Figure 3: Tissue EVs are Highly Enriched in the Least-Dense Fractions from Density Gradient Separation.

A and C, From 15-fraction survey experiments, raw abundance by mass spectrometry of selected proteins from intact human carotid artery plaques and calcified aortic valves demonstrated that extracellular vesicle marker proteins (Annexin A2, CD63, CD81, MFGE8 [lactadherin], HSP70–2) were highly enriched in the four least-dense fractions of both tissue types; n=3 carotid artery plaque and 4 calcified aortic valve donors.
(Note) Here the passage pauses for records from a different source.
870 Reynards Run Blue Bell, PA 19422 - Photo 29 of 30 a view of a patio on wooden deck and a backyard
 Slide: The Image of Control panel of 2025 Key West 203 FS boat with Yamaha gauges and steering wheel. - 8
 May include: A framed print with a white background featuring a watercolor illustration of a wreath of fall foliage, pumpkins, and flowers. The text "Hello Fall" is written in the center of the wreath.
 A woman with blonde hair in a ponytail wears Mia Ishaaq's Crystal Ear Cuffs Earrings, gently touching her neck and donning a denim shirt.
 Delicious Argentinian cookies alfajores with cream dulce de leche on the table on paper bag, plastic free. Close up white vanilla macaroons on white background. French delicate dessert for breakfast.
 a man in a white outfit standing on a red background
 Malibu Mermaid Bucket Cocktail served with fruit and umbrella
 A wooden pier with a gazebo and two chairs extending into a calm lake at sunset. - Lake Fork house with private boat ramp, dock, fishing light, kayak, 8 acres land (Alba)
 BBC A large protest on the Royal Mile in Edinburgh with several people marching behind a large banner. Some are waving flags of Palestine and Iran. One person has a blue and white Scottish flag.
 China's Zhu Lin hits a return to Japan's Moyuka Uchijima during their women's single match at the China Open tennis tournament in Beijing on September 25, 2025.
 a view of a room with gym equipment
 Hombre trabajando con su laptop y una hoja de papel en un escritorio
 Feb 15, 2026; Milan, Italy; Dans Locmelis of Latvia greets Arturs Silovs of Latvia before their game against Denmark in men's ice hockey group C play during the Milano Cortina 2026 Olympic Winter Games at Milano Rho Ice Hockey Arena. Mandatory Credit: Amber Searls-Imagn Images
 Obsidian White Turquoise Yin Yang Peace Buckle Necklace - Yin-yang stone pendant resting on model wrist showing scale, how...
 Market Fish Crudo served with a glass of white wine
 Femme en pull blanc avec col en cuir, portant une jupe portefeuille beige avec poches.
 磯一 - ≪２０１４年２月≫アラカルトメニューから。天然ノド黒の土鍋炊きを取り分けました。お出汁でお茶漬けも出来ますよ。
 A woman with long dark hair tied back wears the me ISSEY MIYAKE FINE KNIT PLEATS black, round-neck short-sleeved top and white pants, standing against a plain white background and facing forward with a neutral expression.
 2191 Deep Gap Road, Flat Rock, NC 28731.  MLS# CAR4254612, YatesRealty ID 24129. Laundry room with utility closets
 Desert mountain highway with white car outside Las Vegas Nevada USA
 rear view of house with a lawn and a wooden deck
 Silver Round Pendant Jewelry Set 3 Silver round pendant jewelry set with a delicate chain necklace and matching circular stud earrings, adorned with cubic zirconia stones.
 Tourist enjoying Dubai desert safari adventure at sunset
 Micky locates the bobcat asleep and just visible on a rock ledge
Enrichment of globular collagens (Collagen VIA1, VIA2, VIA3), fibrillar collagens (Collagen IA1, IA2, IIIA1), and other components of the extracellular matrix (ECM; FBN1, VCAN) was identified in denser fractions. B and D, Nanoparticle tracking analysis confirmed the characteristic presence of particles ~150–200 nm in diameter in fractions 1–4 of both intact carotid artery plaques and calcified aortic valves (n=3 per tissue type), while mean particle size remained consistent between fractions (mean±SEM). E, Representative CD63-labelled immunogold transmission electron microscopy (TEM) identified CD63+ membrane-bound EVs in fractions 1–4 (arrows) from intact carotid artery plaques (top) and calcified aortic valves (bottom); bar=100 nm. Consistent with mass spectrometry-derived protein abundance in A/C, TEM showed abundant globular collagens in fractions 5–10 (arrowheads) and fibrillar collagens in the most-dense fractions (open arrows).